When I bought the house, the outside was yellow and brown. The interior was carpeted in a magenta shag rug. There was flocked wall paper in the main bedroom that proved extremely difficult to remove with plaster beneath. Because the house was small, major changes were relatively inexpensive. I could do some of the work myself or beg others to do it for me. The first thing I did was paint the outside blue with white trim and added black shutters. The color and shutters remain to this day so that choice was obviously a good one. I’m sure it has been repainted many times in the 40 years since I first acquired Baby Blue.

I pulled out the shag carpet and reinstalled it in the basement apartment bedroom. I was lucky to discover beautiful hardwood floors throughout the upstairs. I talked my brother-in-law and a friend of his into installing a fancy European wood stove which remains to this day. I stripped all the wall-paper myself and did all the painting. I remember my mother came over one day only to discover me sitting on my bedroom floor, covered with plaster, glue in my hair, crying because the yellow I had picked out for the room was a horrible mustard shade instead of a bright sunshine yellow. My mom said, “Julie, it’s only paint. You can do it again.” Of course she was right. I learned a major lesson for all the future paint jobs I would do. Test small cans of paint first.
The kitchen was laid out strangely. One winter day when I was snowed in with a beau, he took a chain saw to the lower cabinets to make room for a rolling dishwasher.

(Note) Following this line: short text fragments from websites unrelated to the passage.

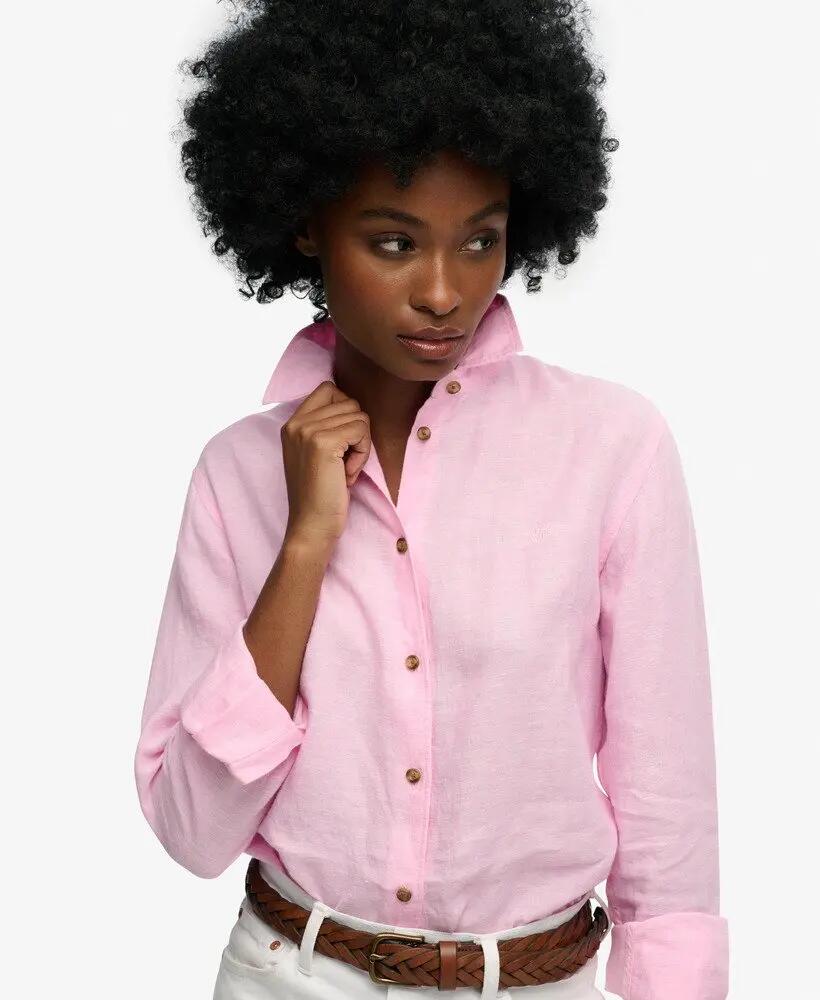 superdry Camisa Premium de Linho Boyfriend – City Pink Chambray 2/5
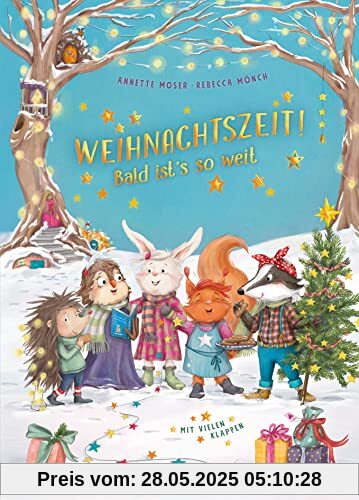Weihnachtszeit! Bald ist’s so weit: Pappbilderbuch mit vielen Klappen und Wimmelbildern für Kinder ab 2 Jahren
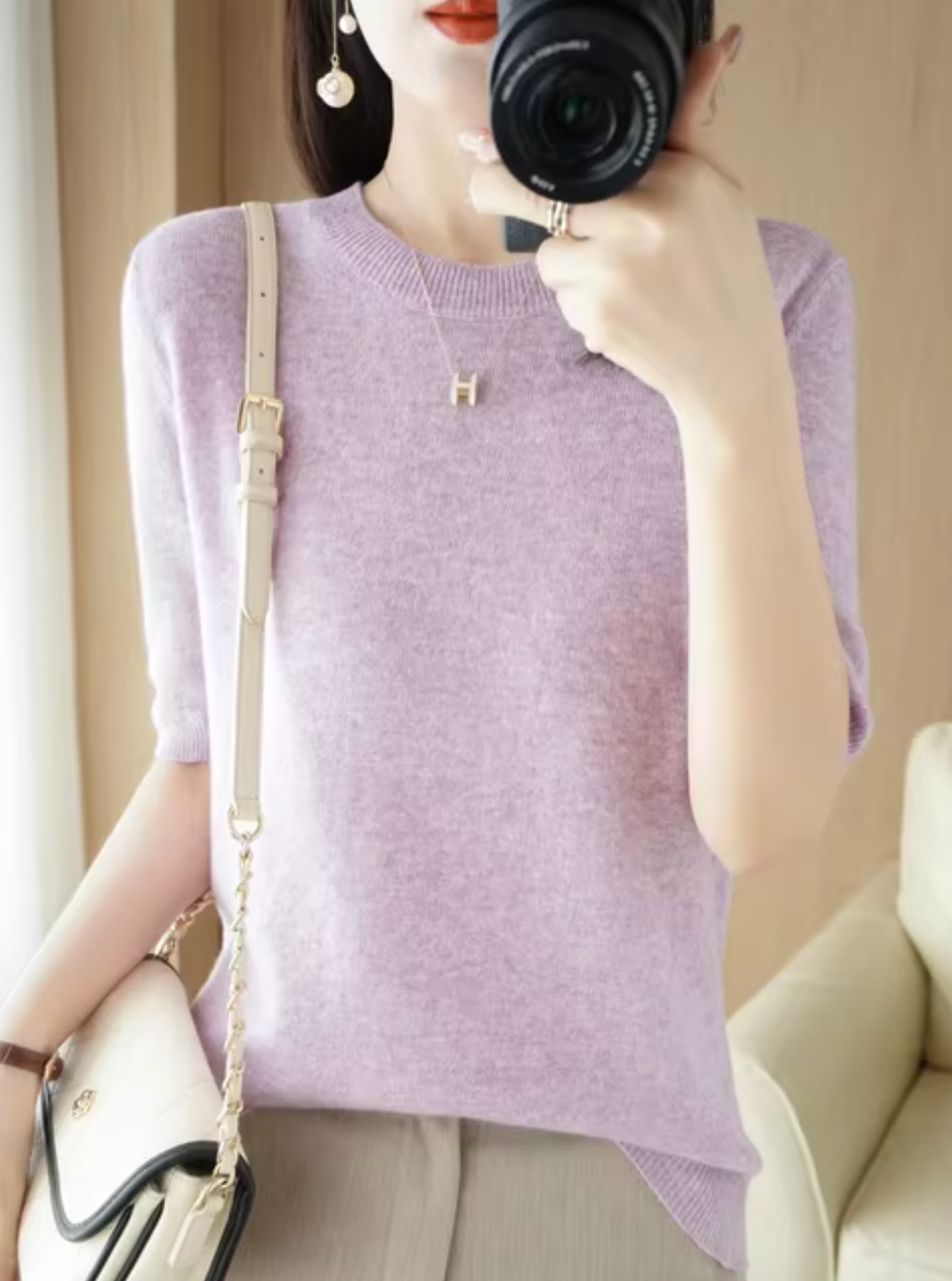 Heidi-Mode | Kurzärmliger Wollpullover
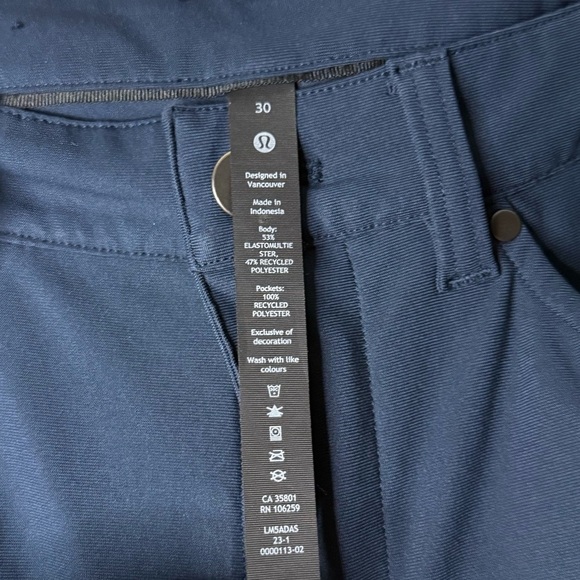 LULULEMON ABC Classic Fit Straight Leg Atheleisure Navy Blue Pant - Picture 9 of 13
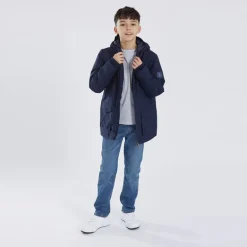 Drengeparka med spids foran Marineblå Blazer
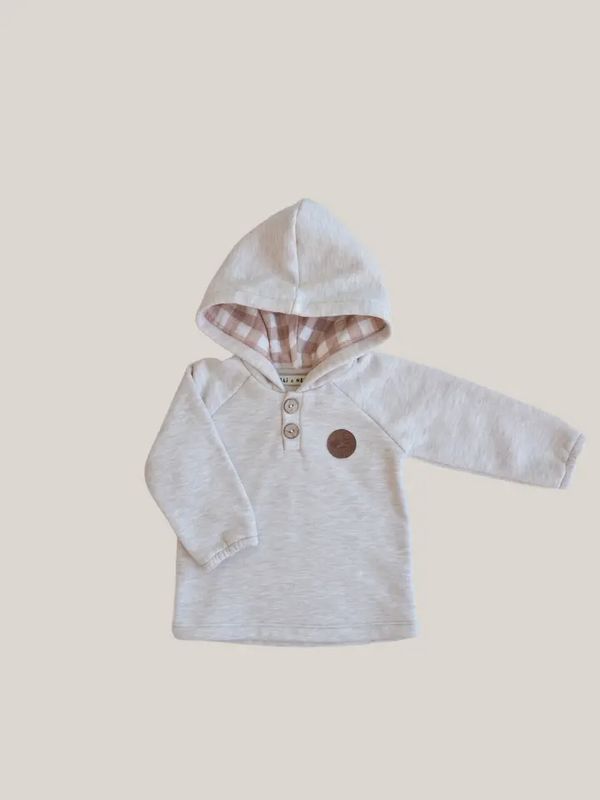 Raglan Sleeve Beige Hoodie Plaid Hood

While the remodeling approach was impetuous and terrifying the end result was not too bad. It did, however, lead to another break-up. The next boyfriend helped me repaint the wood cabinets yellow and white and put on decorative wood molding and new hardware. Steadily moving through boyfriends, the final boyfriend helped me lay new flooring in the basement for the basement apartment. That boyfriend was a keeper. I’ve been married to him for 27 years. But then that is another rather long story. My husband and I dated for 10 years from when we met until we married.

I sold the house for about $40,000 (The County Assessor appraises it today at about $130,000). Obviously, I made a good return on my investment. I moved to another house in Cheyenne by myself. My next house was in a better neighborhood, all brick, larger, with an attached two car garage and a basement apartment. But I never loved it as much as Baby Blue.
I will always have fond memories of Baby Blue. Home ownership allowed me to assert my independence as a professional woman, provided a financial base from which to start investing since owning the home with a rental was cheaper than paying rent, allowed me to have pets who significantly improved my life and in the end allowed me to move up to the next home— following the American dream.
My husband and I talk about downsizing now. Our home is about 3200 square feet and worth a King’s ransom. If we ever downsize, it won’t be to get money out of the house because smaller houses closer to town in Boise are going for more than our house. Downsizing would be about the convenience of living small in walkable communities. Small homes are easier to maintain and not being in the suburbs appeals to my small town upbringing. For now, we are staying put until my daughter graduates from high school and my son finds a job (hopefully my son’s job hunt is successful before my daughter graduates next year).
I feel like I have one more adventure in me. I watch International House Hunters and fantasize about living in a tiny apartment with a balcony on the coast of Spain. Sometimes, I dream of buying an adobe house with land for a tiny horse in Sante Fe. For now Ashtree Way, folds its arms around all of us whenever we walk in the door. I have the same sense of being home as I did when I would walk into “Baby Blue.” Home truly is where your heart is.